CMPSC 311, Spring 2013, Final Exam, Sample questions for review

The Final Exam will be Monday, April 29,
The exam is closed book, closed computer, closed neighbor, no cell phones, etc.  But, you can bring three 8 1/2 x 11 sheets of paper, with your name on each, as a "cheat sheet"; turn these in with the exam.

Class time on Wednesday and Friday, Apr. 24 and 26, will be devoted to review only.  Project solutions are posted on ANGEL.

The exam will ask questions about general knowledge of C and Unix, and will require both programming and debugging.  Any material that was covered in class, as assigned reading, as background for the projects, or in the projects, could be on the exam.  In particular, don't neglect the programming examples in the Intro to Unix notes, or the exercises in the notes.  The "cheat sheet" could remind you of Unix function prototypes and C syntax, but you should be able to answer most questions without referring to it.

The questions will be
The number of points in each category might be different, but not by much.  Some 10-point questions are in two 5-point parts.

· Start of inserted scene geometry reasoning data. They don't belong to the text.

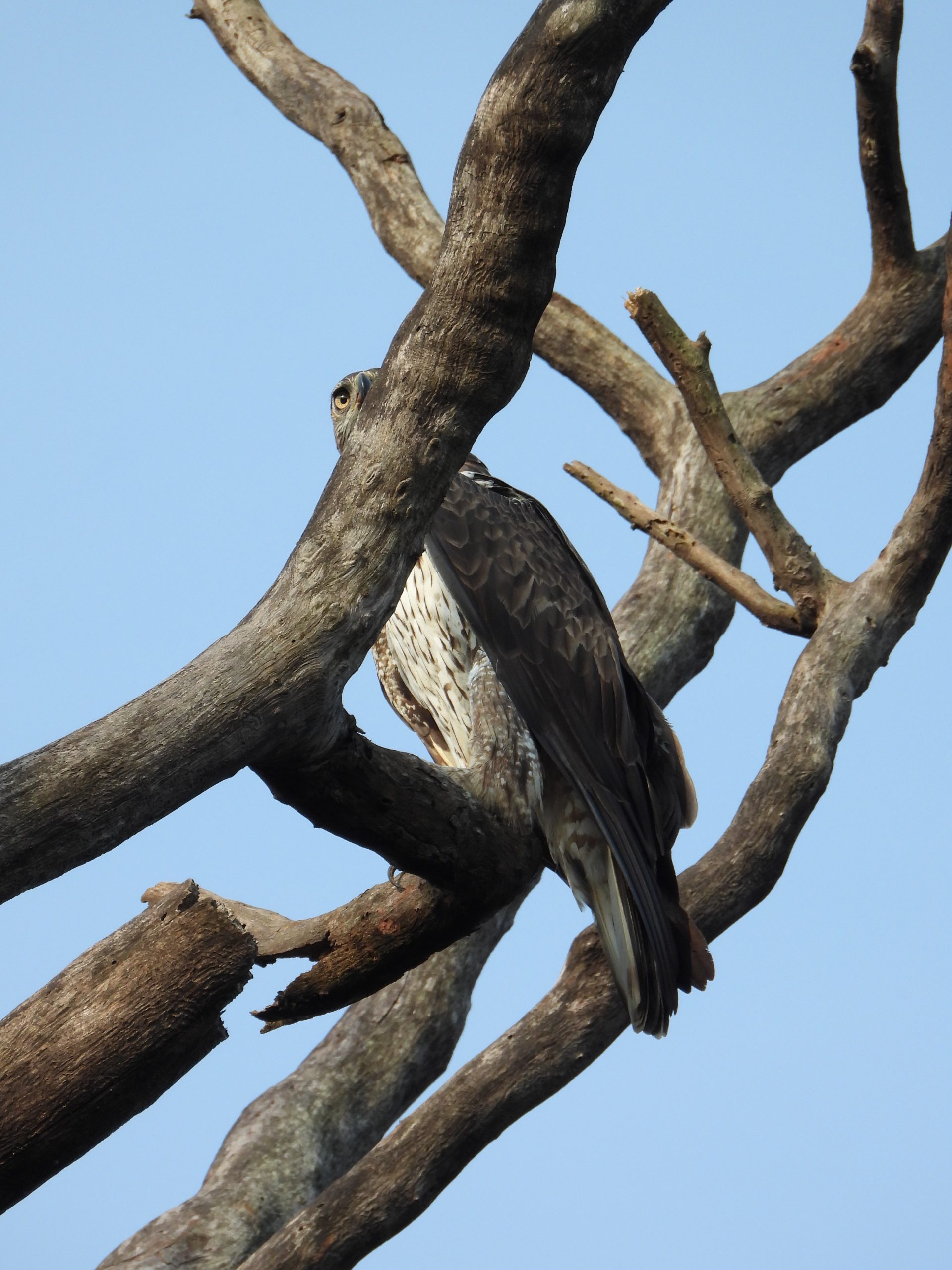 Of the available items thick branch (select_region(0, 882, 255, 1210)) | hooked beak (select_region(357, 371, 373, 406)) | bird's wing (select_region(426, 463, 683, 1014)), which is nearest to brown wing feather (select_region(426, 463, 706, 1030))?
bird's wing (select_region(426, 463, 683, 1014))

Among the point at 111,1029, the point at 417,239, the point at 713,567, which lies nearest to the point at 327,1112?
the point at 713,567

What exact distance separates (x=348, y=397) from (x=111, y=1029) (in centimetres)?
278

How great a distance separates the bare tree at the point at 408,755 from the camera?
2.00 m

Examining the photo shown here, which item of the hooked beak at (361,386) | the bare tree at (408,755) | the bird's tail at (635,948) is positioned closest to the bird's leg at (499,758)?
the bare tree at (408,755)

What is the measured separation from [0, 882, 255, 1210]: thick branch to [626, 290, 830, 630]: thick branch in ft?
10.2

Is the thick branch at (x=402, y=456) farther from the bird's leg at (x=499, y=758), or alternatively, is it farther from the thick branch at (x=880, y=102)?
the thick branch at (x=880, y=102)

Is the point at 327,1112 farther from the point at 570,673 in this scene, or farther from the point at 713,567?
the point at 713,567

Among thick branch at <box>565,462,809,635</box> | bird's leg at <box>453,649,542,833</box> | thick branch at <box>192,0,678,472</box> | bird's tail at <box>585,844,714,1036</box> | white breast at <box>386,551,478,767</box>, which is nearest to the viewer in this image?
bird's leg at <box>453,649,542,833</box>

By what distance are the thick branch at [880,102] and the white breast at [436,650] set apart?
2.59 metres

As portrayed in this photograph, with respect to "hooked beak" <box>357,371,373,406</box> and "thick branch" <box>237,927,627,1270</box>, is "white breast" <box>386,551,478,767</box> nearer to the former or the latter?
"hooked beak" <box>357,371,373,406</box>

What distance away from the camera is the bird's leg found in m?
2.91

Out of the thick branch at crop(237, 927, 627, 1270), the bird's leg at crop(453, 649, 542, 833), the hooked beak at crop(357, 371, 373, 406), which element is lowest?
the thick branch at crop(237, 927, 627, 1270)

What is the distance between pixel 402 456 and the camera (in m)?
2.16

The final exam is comprehensive for the course, with emphasis on material since the second exam.

Sample questions and practice problems for review

Note that these are primarily for review, and are not necessarily intended as sample exam questions.  Some of the sample questions here are harder than are actually on the exam, and some are actual exam questions from previous years.


Multiple Choice

    How many of these statements are correct?

       *   Variables allocated in the data segment are always initialized.
       *   Variables allocated in the stack segment are always initialized.
       *   Variables allocated in the heap segment are always initialized.
       *   Variables allocated in the text segment are always initialized.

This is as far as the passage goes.